ClaudeRPID is a project template I built to fix the failure mode that makes AI coding agents frustrating: they write fast, but they forget. The whole template is organized around a single premise — lost context and outdated context are the only real enemies — and every rule in it is aimed at preventing one of those two.
The method
The workflow is a four-track cycle, RPID: Research → Plan → Implement → Debug. Each phase has to finish before the next begins, so design decisions are made and written down before a line of code exists, not reverse-engineered afterward. It turns the agent from something that sprints toward a guess into something that commits to a plan and then executes it.
Living documentation
The backbone is a set of documents that travel with the project and stay current — STATUS, DECISIONS, ARCHITECTURE, DATA_MODEL, and PLANNING. They’re not write-once artifacts; they’re the agent’s memory between sessions. When a new session starts cold, the context it needs is already on disk instead of lost to the previous conversation.
- A prompt library with a tailored prompt for each RPID phase.
- A GitHub Actions test gate so nothing merges without passing CI.
- Solo and team collaboration modes from the same structure.

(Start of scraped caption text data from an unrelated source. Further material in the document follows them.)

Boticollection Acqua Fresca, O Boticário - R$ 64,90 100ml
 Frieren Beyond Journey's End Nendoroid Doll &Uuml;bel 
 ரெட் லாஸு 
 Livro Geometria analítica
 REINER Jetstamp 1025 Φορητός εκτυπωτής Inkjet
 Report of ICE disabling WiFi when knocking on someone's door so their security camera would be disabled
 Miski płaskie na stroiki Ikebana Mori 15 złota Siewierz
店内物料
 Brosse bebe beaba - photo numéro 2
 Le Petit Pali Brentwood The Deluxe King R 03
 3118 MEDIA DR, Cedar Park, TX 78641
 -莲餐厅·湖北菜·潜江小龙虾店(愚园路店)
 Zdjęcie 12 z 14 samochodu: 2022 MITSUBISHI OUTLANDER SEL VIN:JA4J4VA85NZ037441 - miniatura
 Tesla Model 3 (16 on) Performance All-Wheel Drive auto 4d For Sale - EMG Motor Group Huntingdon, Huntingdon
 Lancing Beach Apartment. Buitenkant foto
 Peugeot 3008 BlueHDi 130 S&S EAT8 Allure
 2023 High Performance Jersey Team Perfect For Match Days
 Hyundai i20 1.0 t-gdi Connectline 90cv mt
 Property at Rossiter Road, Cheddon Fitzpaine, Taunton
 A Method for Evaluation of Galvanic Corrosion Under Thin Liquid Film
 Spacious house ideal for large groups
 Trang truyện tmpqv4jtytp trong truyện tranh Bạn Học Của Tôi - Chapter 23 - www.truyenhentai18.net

- Opt-in profiles for language- and framework-specific tooling, so the core stays stack-agnostic.
What I learned
The interesting part isn’t the prompts — it’s that most of an agent’s mistakes are really context mistakes. Give it a structure that forces decisions to be recorded and kept fresh, and a lot of the “AI did something dumb” problems quietly disappear. The discipline lives in the scaffolding, not the model.